Item 1: Security and Issuer
Item 1 of the Schedule
13D is amended solely to reflect the change in the Company’s name from EnviroStar, Inc. to EVI Industries, Inc. and to set
forth the address of the current principal executive office of the Company, which is 4500 Biscayne Blvd., Suite 340, Miami, Florida
33137.
Item 3: Source and Amount of Funds or Other
Consideration
Item 3 of the Schedule 13D is amended to add
the following:
On February 24, 2020, the Company, upon the approval of the Compensation
Committee of the Company’s Board of Directors, as the administrative committee for the Company’s 2015 Equity Incentive
Plan (the “Plan”), granted Henry M. Nahmad, the Company’s Chairman, Chief Executive Officer and President, a
stock award of 13,550 shares (the “Bonus Shares”) of the Company’s Common Stock and a restricted stock award
of 180,669 shares (the “Restricted Shares”) of the Company’s Common Stock. The awards were granted under the
Plan as compensation for Mr. Nahmad’s service on behalf of the Company. In approving the grant, the Compensation Committee
considered, among other things, that Mr. Nahmad did not receive any equity-based compensation during the fiscal years ended June
30, 2018 or 2019. Mr. Nahmad surrendered to the Company 5,262 of the Bonus Shares to satisfy the Company’s tax withholding
obligation relating to the grant of the Bonus Shares to Mr. Nahmad.
Subject to the terms and
conditions of the Plan and the related Notice of Grant and Restricted Stock Agreement (the “Award Agreement”), a total
of 25% of the Restricted Shares are scheduled to vest ratably, in equal annual installments, from February 2021 through February
2024, with the remaining 75% of the Restricted Shares (the “Balance Shares”) scheduled to vest on November 5, 2040
(the “Cliff Vest Date”), which is the date on which Mr. Nahmad will reach the age of 62, subject to accelerated vesting
with respect to 50% of the Balance Shares if the Company’s consolidated revenues for four consecutive fiscal quarters equals
or exceeds a specified target prior to the Cliff Vest Date.
Mr. Nahmad has all rights
of a stockholder with respect to the Bonus Shares. In addition, pursuant to the terms of the Plan and the Award Agreement, Mr.

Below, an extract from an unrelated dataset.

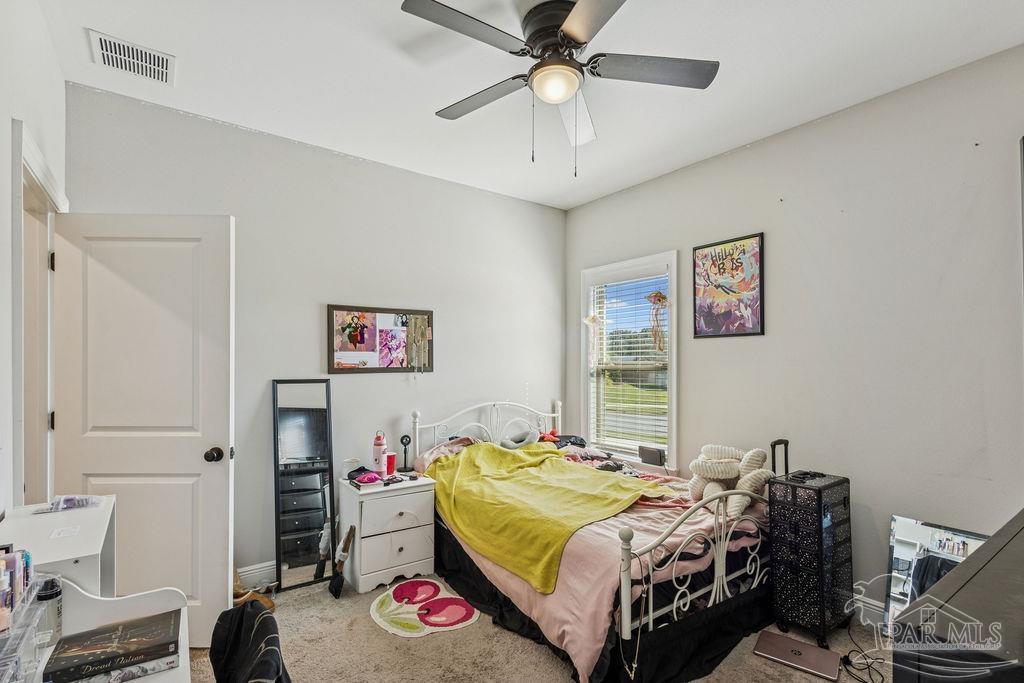 1555 Cadence Loop Cantonment, FL 32533 - Photo 32 of 34 a bedroom with a bed and a chandelier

Nahmad will have the rights of a stockholder with respect to the Restricted Shares prior to their vesting, including, without limitation,
voting rights; however, prior to their vesting, Mr. Nahmad may not sell, assign, pledge, exchange, hypothecate or otherwise transfer,
encumber or dispose of any of the Restricted Shares.
Item 4: Purpose of
Transaction
Item 4 of the Schedule 13D is amended to add
the information set forth in Item 3 above, which is incorporated into this Item 4 by reference.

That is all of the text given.